Understanding my VQSR results
Hi Everyone, I have a few questions about VQSR I was hoping to have answered. First, a bit about my project. I am interested in finding de novo mutations in human (multi-sibling) families, looking at the whole genome. The 14 families I am dealing with have anywhere between 2 and 6 children (for a total of 79 whole genomes for this cohort). I have implemented the preprocessing pipeline, the germline short variant discovery workflow and finally the genotype refinement workflow for germline short variants.

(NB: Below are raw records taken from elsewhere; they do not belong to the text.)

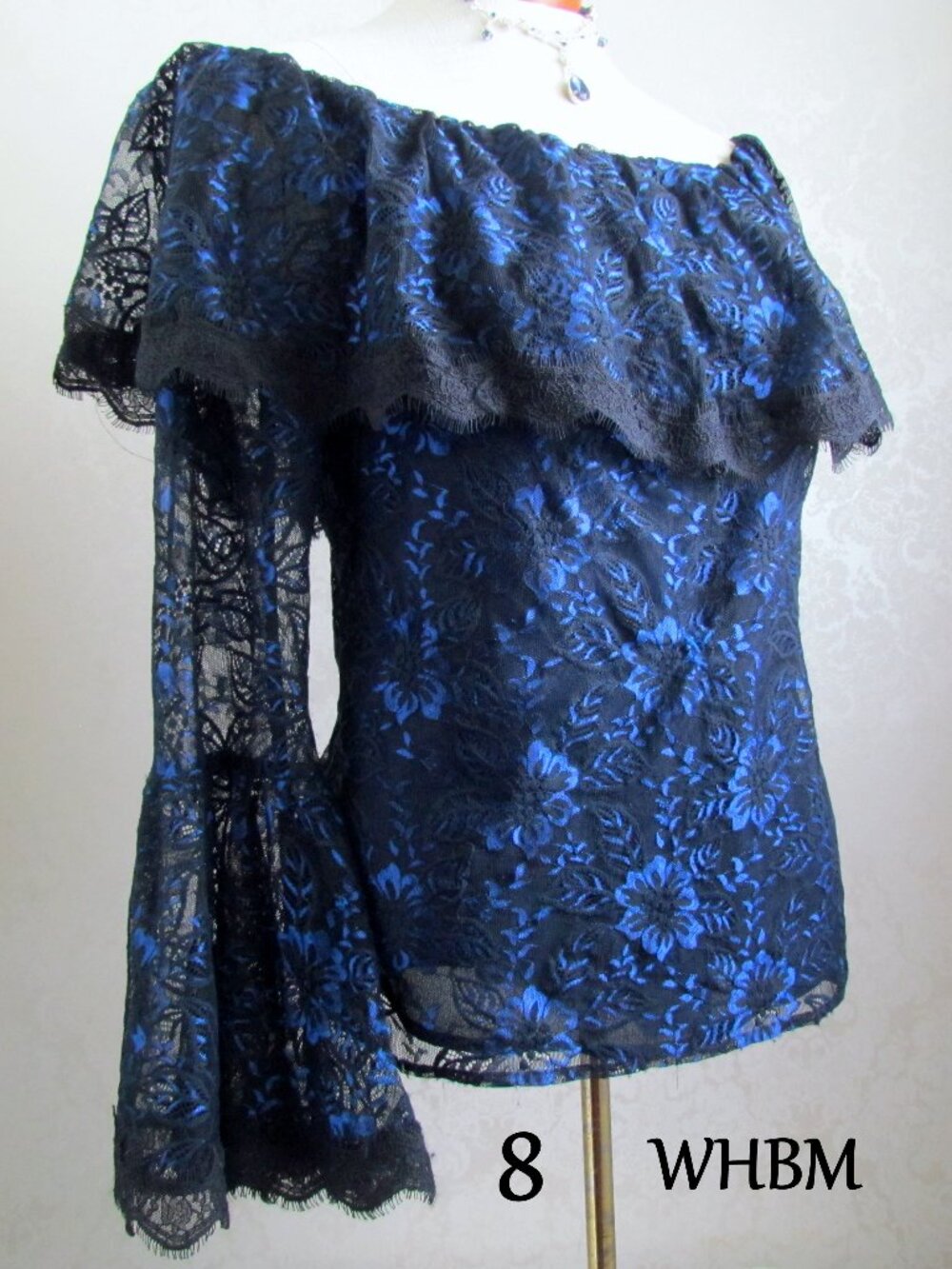 LACE BLOUSE, 8, BLUE BLACK WHBM RUFFLE NECK, BELL SLEEVES WHITE HOUSE BLACK MKT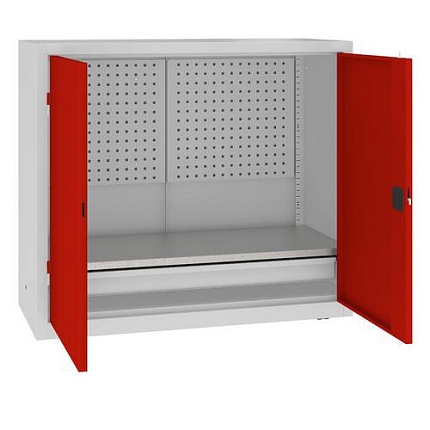 Kovová dílenská skříň s perfopanelem, 104 x 120 x 50 cm, 1 zásuvka, šedá/červená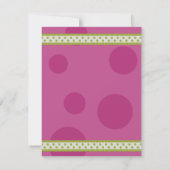 Pink Green Polka Dot Ribbon Baby Dusche Einladung (Rückseite)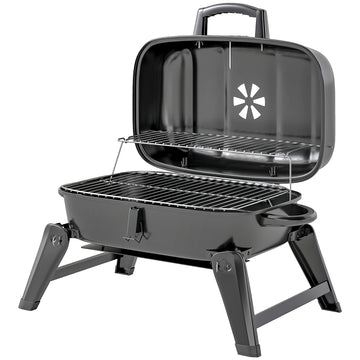 Charcoal BBQ Grill, Foldable Barbecue Grill with Warming Rack, Adjustable Vent, Thermometer, Handles, Black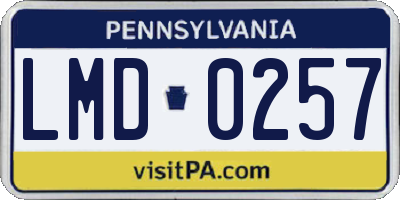 PA license plate LMD0257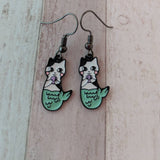 Cat mermaid earrings, mermaid jewelry, cat lover gifts, gifts for mermaid lovers, kawaii jewelry, kawaii gifts, sea creature earrings,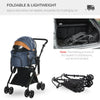 PawHut Luxury Folding Pet Stroller Dog/Cat Travel Carriage 2 In 1 Design with Pet Carrier Bag & Adjustable Canopy - Gray
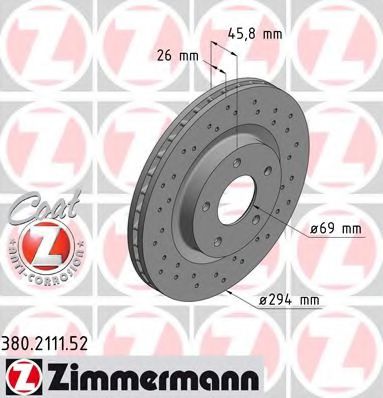 ZIMMERMANN 380211152 Тормозные диски ZIMMERMANN для MITSUBISHI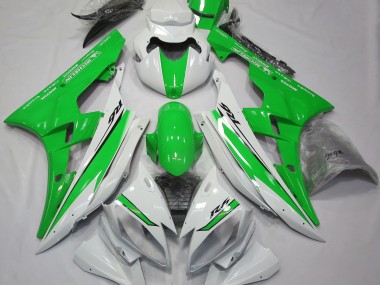 2006-2007 Gloss White and Green Yamaha R6 Fairings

The only major changes I have mde was to parallelize as much as possible by processing an entire family at a time (as opposed to single individuals). This means that I have been applying VQSR to each family independently (4-8 whole genomes each time). At first I was getting the dreaded 'no data error' when running VariantRecalibrator on the SNPS (step 1). I added the parameter '--max-gaussians 4' and this seems to have solved the problem. Here is an example of how I call it:
~/gatk-184.108.40.206/gatk VariantRecalibrator \ -R ~/hg38/Homo_sapiens_assembly38.fasta \ -V ~/8_rvqs/1041_08/1041_08.vcf \ --resource hapmap,known=false,training=true,truth=true,prior=15.0:/~/hg38/hapmap_3.3.hg38.vcf.gz \ --resource omni,known=false,training=true,truth=true,prior=12.0:~/hg38/1000G_omni2.5.hg38.vcf.gz \ --resource 1000G,known=false,training=true,truth=false,prior=10.0:~/hg38/1000G_phase1.snps.high_confidence.hg38.vcf.gz \ --resource dbsnp,known=true,training=false,truth=false,prior=2.0:~/hg38/dbsnp_146.hg38.vcf.gz \ -an DP \ -an QD \ -an FS \ -an SOR \ -an MQ \ -an MQRankSum \ -an ReadPosRankSum \ -mode SNP \ --max-gaussians 4 \ -tranche 100.0 -tranche 99.9 -tranche 99.0 -tranche 90.0 \ -O ~/8_rvqs/1041_08/1041_08_recalibrate_SNP.recal \ --tranches-file /~/8_rvqs/1041_08/1041_08_recalibrate_SNP.tranches \ --rscript-file ~/8_rvqs/1041_08/1041_08_recalibrate_SNP_plots.R \ >>~/8_rvqs/1041_08/1041_08_VR_SNP.log 2>&1
Other than '--max-gaussians 4', I think this is straight from the documentation. I then apply the model for SNPS, build a model for indels and finally apply the model for indels. Everything runs successfully and I have attached the plots generated. Now for my questions:
1) Looking at the SNP and INDEL plots I'm not sure how to evaluate them. Do these look reasonable? The plots generated from family to family look similar.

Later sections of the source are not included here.